Firstly, create a vertex for each additional item field F in the structure to store the value of the goal function for this peek’s subtree. This field is easy to maintain - same operation like during the work with _cnt_ (we need 2 functions for getting and settings this value and we should update depended function - see above).

Secondly, we need to know how to respond to a request for an arbitrary interval [A; B].

For this we need to get a part of tree which are corresponded to the segment [A;B]. It is easy to understand that this is enough for first split(T, T1, T2, A), and then split (T2, T2, T3, B-A+ 1). As a result, T2 will consist of all the elements in the interval [A; B], and only of them. Therefore, response to the request will be in the field F of T2 tree. After the response to the request, tree need to be restored by call of a merge (T, T1, T2) and merge (T, T, T3).

- **Addition / painting on the segment**.

Here we act as in the previous paragraph, but instead of the field F will store a field called _add_ that will contain accumulation value for painting. Before carrying out any operations necessary to set this value correctly - ie, accordingly change T->L->add and T-> R-> add, and clean up _add_ in parent node. In this way we will achieve that after any changes to the tree all information will not be lost.

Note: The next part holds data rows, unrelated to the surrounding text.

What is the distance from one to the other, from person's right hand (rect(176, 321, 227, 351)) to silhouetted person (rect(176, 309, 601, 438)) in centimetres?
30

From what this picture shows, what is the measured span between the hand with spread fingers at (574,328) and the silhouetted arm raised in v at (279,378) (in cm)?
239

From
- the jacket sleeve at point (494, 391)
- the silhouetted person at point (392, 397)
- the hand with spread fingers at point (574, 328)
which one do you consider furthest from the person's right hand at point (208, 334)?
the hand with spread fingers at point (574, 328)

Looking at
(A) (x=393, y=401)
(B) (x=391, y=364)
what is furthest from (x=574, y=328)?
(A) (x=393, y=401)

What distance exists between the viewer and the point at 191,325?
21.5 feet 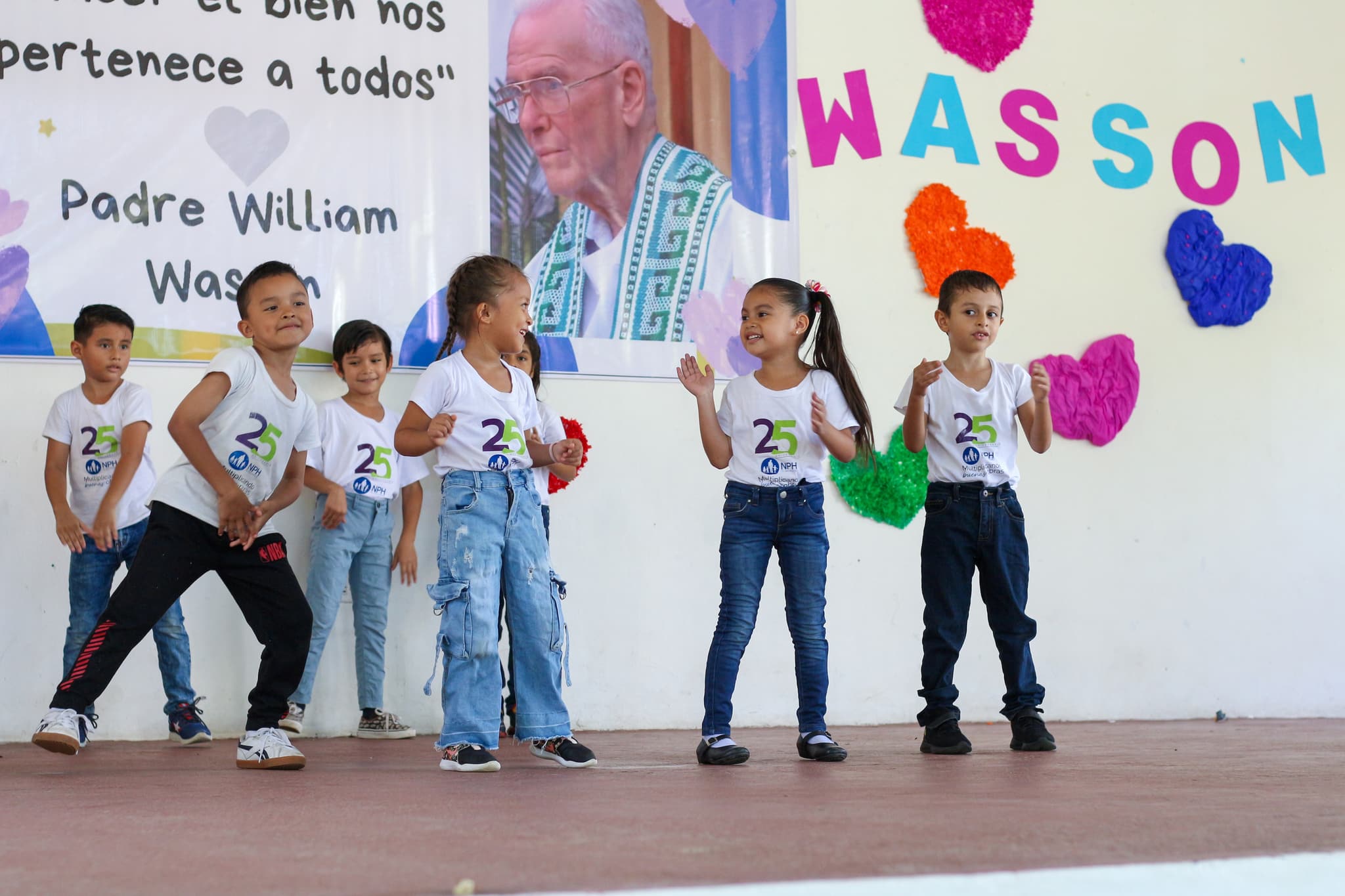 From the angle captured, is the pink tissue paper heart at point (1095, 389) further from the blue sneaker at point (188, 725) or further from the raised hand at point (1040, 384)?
the blue sneaker at point (188, 725)

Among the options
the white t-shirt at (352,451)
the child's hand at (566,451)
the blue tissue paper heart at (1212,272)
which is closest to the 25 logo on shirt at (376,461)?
the white t-shirt at (352,451)

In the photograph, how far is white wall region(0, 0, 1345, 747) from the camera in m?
4.14

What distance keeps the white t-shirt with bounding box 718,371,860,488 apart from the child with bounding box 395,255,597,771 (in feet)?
1.51

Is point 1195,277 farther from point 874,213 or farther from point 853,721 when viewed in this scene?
point 853,721

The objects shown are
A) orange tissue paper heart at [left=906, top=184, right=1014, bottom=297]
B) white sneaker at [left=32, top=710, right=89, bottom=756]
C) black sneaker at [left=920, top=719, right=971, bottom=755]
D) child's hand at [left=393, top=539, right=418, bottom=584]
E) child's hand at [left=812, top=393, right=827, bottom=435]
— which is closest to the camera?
white sneaker at [left=32, top=710, right=89, bottom=756]

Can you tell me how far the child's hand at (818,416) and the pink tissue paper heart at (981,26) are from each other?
6.98ft

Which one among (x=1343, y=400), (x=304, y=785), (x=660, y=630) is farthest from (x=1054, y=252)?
(x=304, y=785)

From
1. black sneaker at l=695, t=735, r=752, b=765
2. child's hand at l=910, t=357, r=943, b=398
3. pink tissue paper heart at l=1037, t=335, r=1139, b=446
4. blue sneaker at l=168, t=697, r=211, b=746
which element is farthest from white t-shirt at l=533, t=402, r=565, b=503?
pink tissue paper heart at l=1037, t=335, r=1139, b=446

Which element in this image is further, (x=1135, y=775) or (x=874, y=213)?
(x=874, y=213)

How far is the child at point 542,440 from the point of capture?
136 inches

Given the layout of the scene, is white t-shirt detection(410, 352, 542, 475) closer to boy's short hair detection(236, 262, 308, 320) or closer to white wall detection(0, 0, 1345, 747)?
boy's short hair detection(236, 262, 308, 320)

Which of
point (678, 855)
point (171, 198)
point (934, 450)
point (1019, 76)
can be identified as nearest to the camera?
point (678, 855)

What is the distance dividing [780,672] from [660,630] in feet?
1.43

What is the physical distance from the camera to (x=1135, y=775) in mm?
2441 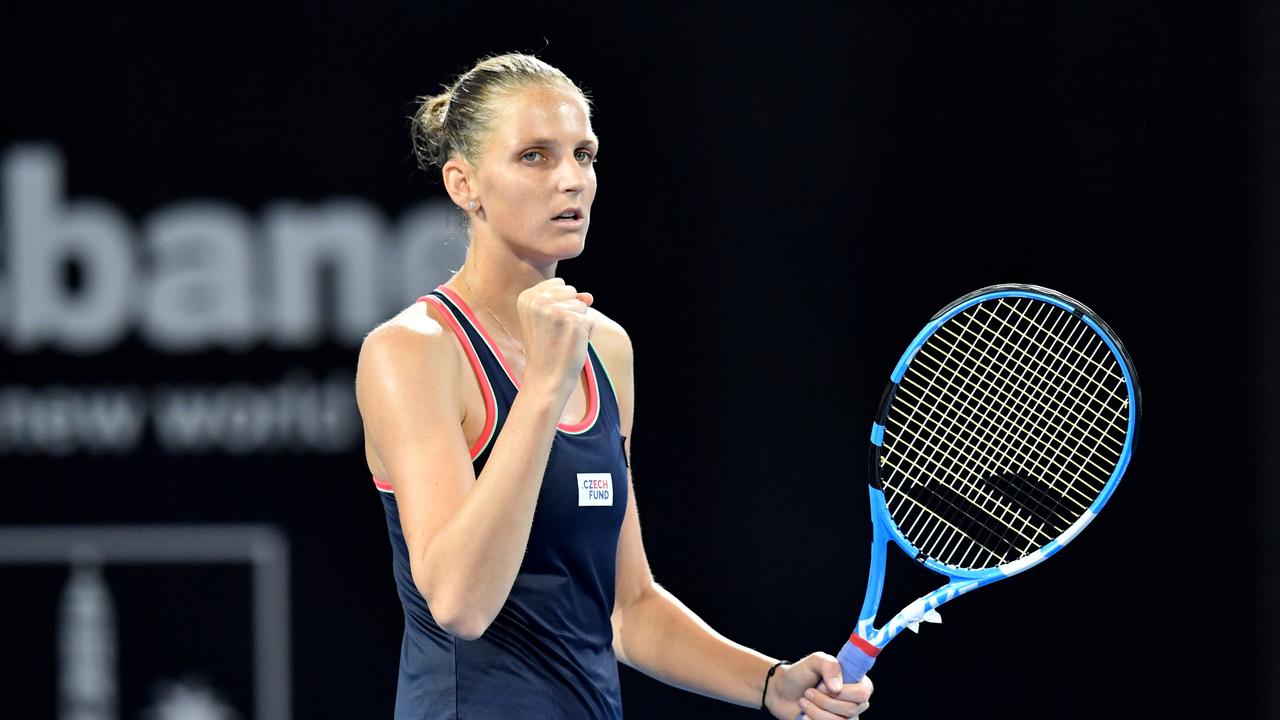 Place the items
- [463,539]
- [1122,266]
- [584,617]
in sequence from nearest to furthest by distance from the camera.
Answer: [463,539] → [584,617] → [1122,266]

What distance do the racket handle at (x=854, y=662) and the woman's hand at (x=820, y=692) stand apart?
28 mm

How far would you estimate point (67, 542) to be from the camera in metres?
3.66

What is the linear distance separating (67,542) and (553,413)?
232 centimetres

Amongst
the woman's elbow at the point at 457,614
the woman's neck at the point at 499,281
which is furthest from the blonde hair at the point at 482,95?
the woman's elbow at the point at 457,614

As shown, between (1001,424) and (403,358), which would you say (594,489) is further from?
(1001,424)

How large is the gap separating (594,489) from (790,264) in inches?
70.9

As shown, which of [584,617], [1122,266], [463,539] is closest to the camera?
[463,539]

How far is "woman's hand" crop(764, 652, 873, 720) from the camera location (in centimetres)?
205

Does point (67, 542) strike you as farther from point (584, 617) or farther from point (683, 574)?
point (584, 617)

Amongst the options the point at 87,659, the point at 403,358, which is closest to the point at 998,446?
the point at 403,358

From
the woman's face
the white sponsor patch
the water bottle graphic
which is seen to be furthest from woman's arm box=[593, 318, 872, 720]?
the water bottle graphic

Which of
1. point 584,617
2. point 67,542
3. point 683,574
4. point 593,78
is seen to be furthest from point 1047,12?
point 67,542

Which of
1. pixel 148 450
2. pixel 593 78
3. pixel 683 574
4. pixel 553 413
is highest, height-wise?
pixel 593 78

- **Flip on the segment**.

This item is almost similar to the previous - just add the field ‘bool rev’, which will be setted to true, when you want to make a flip in the subtree of the current node. The initialize operation is just little bit complicated - we swapping a sons of this node and set this flag for them.

**Implementation**. Let us give an example for the full realization of the implicit Cartesian tree with the coup on the segment. Here, for each vertex we store field called _value_ - the actual value of the item standing in the array at the current position. We also give the implementation of the function ‘output ()’, which displays an array that corresponds to the current state of the implicit Cartesian tree.